Ask HN: What is the future of programming languages? - Jonovono
Hey HN. The recent post about "Programming Languages Are Simply Not Powerful Enough" got me thinking about what will be the next major change in programming language paradigms.<p>It seems JS is getting really big lately, since everything is going to the web. But there must be something next that is just a leap different than everything going on right now.<p>Everything moves to be of higher abstraction to where it's more natural for humans to think and perhaps eventually it will be like writing an essay to get what you want [1].<p>But what will be after the current languages we see now? With more things relying on computers and people hoping more will get into computers, are there languages that could be made to encourage that?<p>I have a bunch of random thoughts but I am curious to hear what people that have been involved with computers longer than me think (and ones newer to computers think as well). My little time with prolog made me wish there were more declarative languages.<p>Any thoughts would be great! I am also kind of looking to see if anyone knows of any open source current programming languages that are trying to 'disrupt' the current way of doing things.<p>Thanks.<p>[1] http://blog.wolfram.com/2010/11/16/programming-with-natural-language-is-actually-going-to-work/
======
runT1ME
>Everything moves to be of higher abstraction to where it's more natural for
humans to think and perhaps eventually it will be like writing an essay to get
what you want

I hold the opposite view. Now that compilers are getting smart enough to do
very good type inference, and the fact that tools are evolving, I believe
strict, static typing will be the future.

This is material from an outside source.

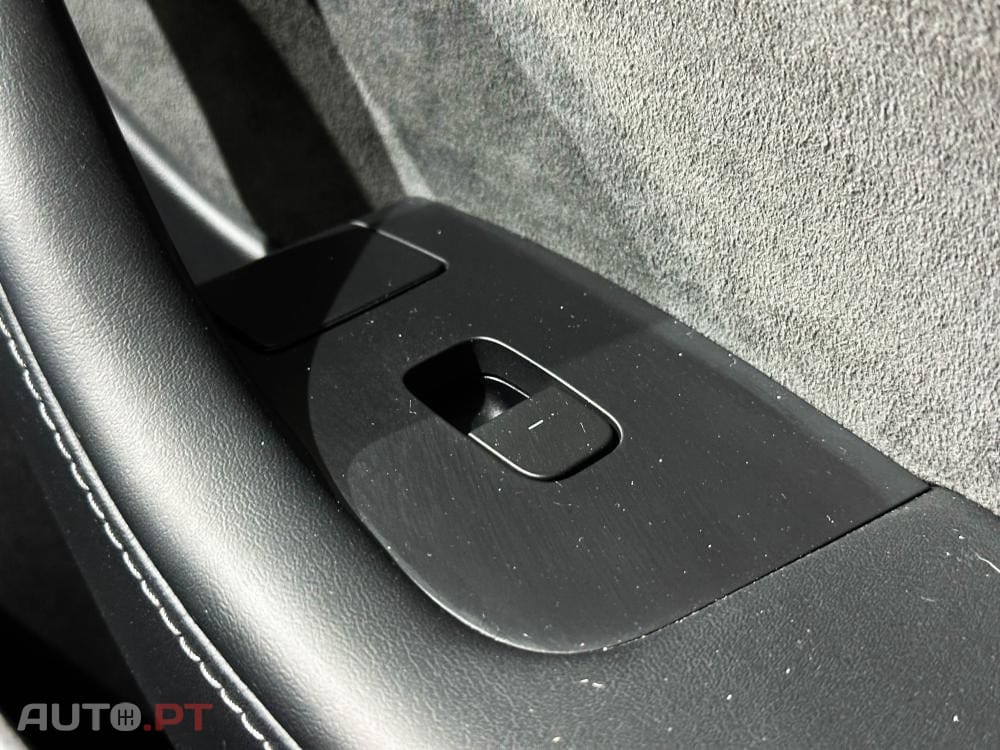 Tesla Model 3 Long Range AWD Dual Motor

The better the type system, the more runtime bugs you prevent from happening.
While fighting against the compiler as a veteran programmer is a bit foreign
(and makes you feel dumb), it's infinitely preferable than having to debug
obscure production bugs.

Good compilers are like a massive suite of unit tests you get for free.

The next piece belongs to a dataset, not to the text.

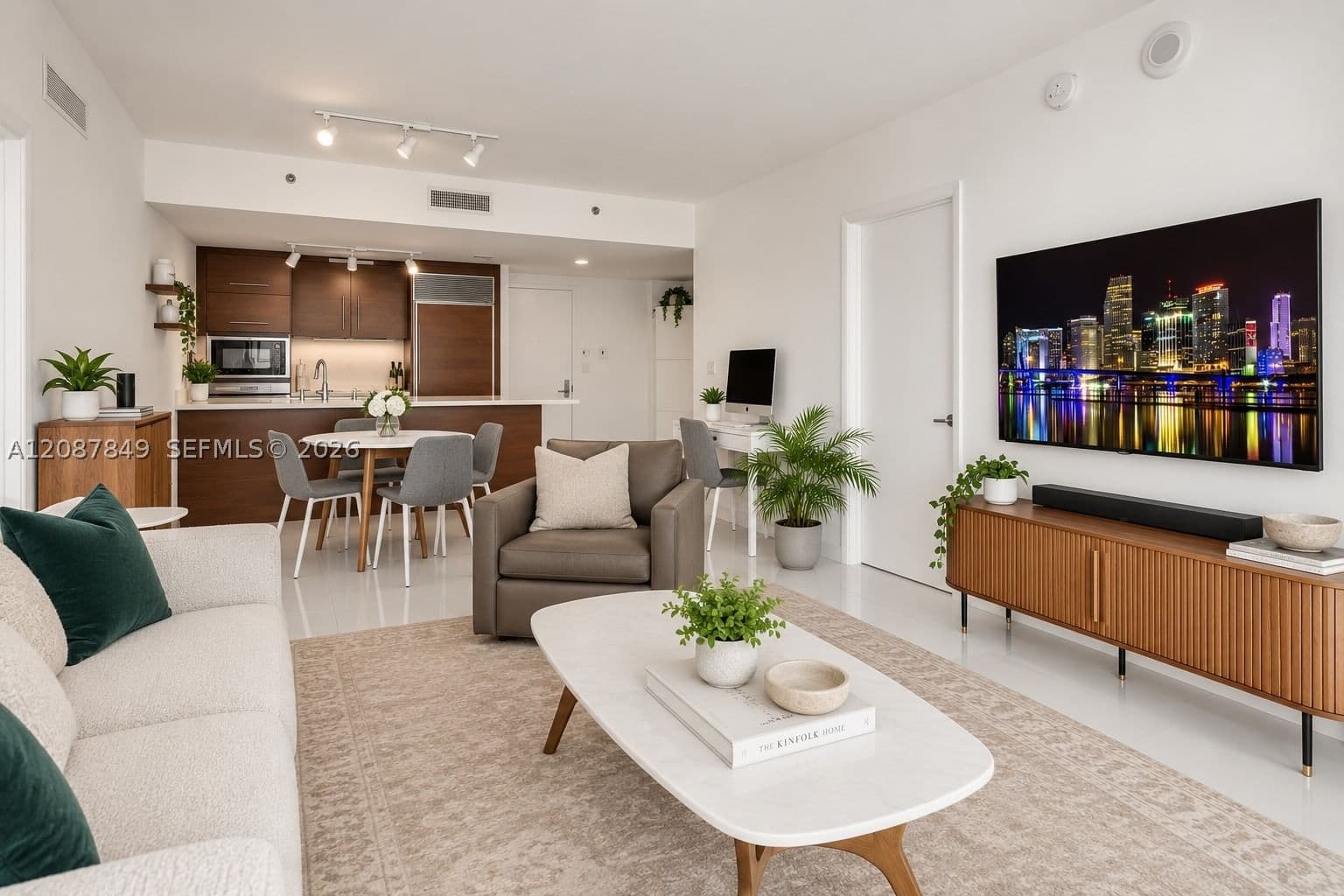 2+1 Condo — 475 Brickell Ave #3609, Miami, FL 33131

I also see the future of programming languages being functional in nature. Not
because of the oft-repeated 'good for concurrency' misnomer (it's an
orthogonal issue), but simply because it forces you to think a different way
that ends up being more correct than imperative styles.

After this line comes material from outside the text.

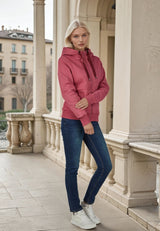 salzhaut - SÖÖTE JACKE Damen Sweatjacke Leicht tailliert - adenauer & co - Anker - Basic - 21 - #farbe_Berry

It takes me much longer (somewhat ashamed to admit) to write a functional
library than an imperative one, however, I've been amazed at how well they've
turned out and the reuse is much greater.

------
zaptheimpaler
Functional programming. At the very least, systems where all logic heavy code
is handed off to a functional language and the imperative language serves as
the glue (with something like Scala, we won't need even that much). Seriously,
that post reminded me of the same thing.

Also, by functional, I DONT mean just map/reduce/filter. The advantage of FP
is really in being able to define types and mini DSLs very easily, the kinds
of patterns higher order functions allow you to capture, the simplifications
afforded by immutable types add up to make functional code the cleanest
representation of the problem itself, without any of the cruft.

Try learning Scala, Clojure, or another functional language, and write some
serious code in it. Go through a book or a course though, because if you try
to pick it up by google and blog posts, you might end up writing basically
imperative code in the language, which defeats the purpose.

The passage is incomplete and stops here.